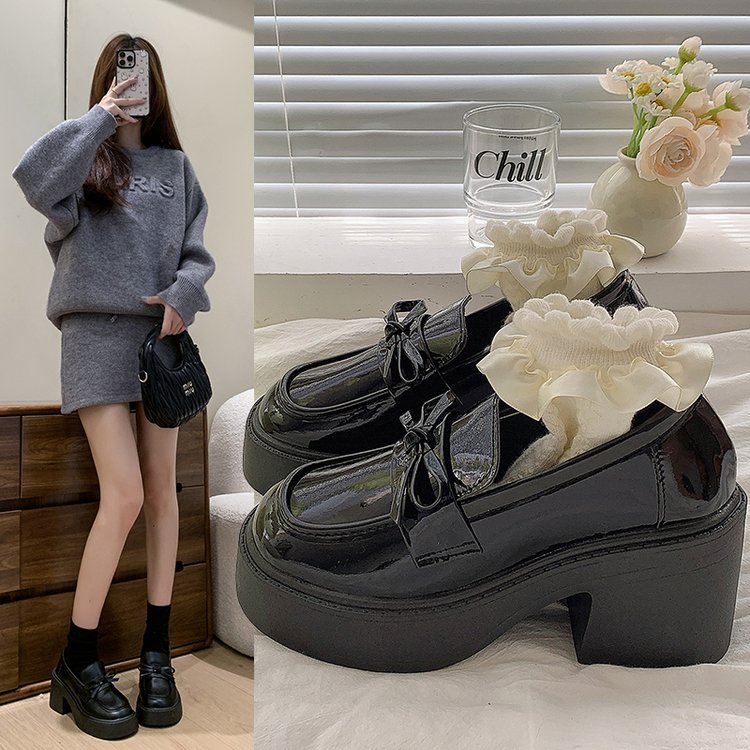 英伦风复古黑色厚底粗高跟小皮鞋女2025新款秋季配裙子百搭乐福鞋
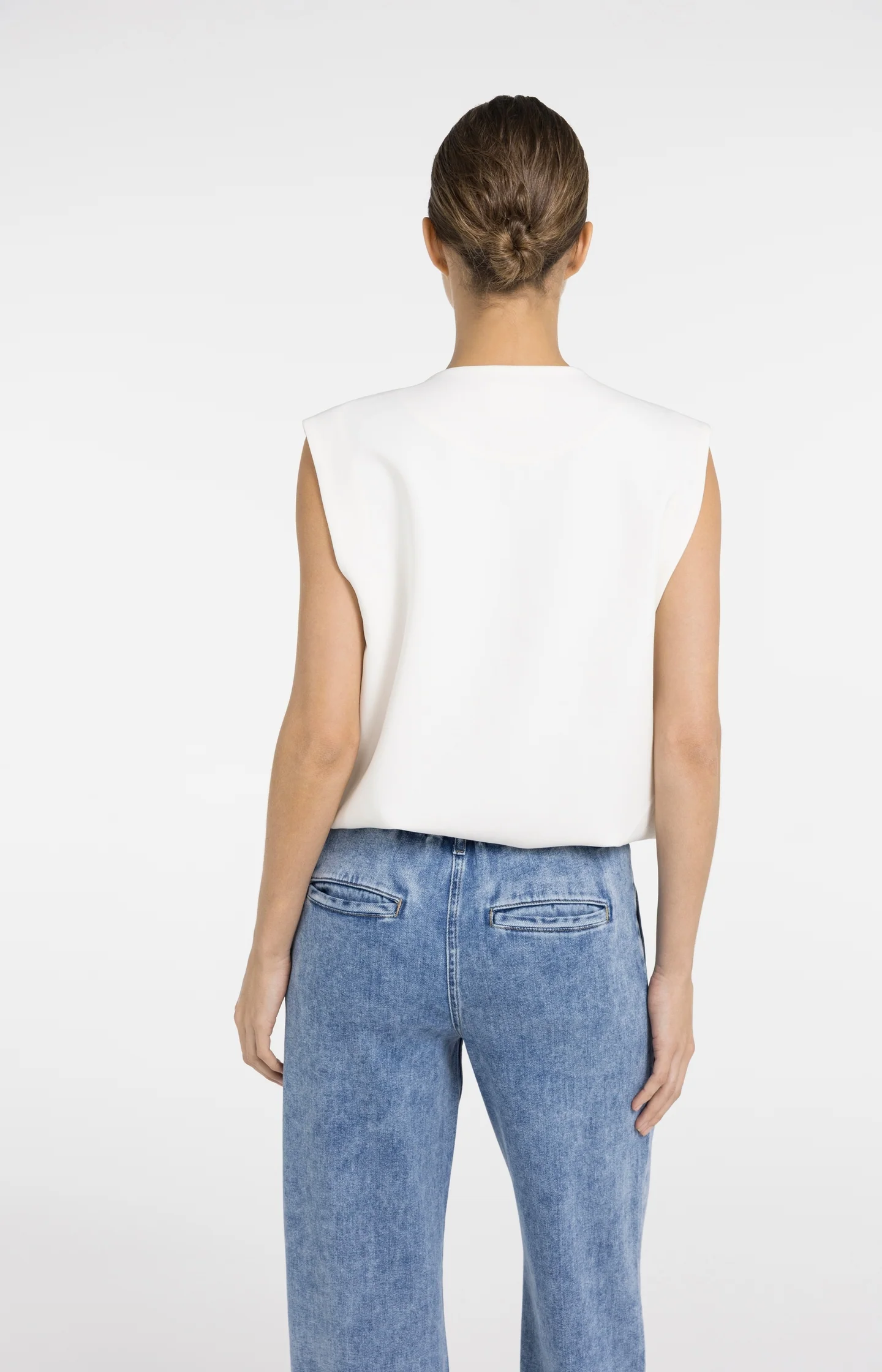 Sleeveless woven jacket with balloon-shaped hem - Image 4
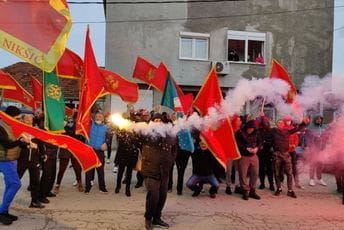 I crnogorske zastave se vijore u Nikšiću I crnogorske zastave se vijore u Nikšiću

▶ **Work instruction**: Write out the data above exactly as it appears, but without any image.

▶ **Reply to the task**:
 英伦风复古黑色厚底粗高跟小皮鞋女2025新款秋季配裙子百搭乐福鞋
 Sleeveless woven jacket with balloon-shaped hem - Image 4
 I crnogorske zastave se vijore u Nikšiću I crnogorske zastave se vijore u Nikšiću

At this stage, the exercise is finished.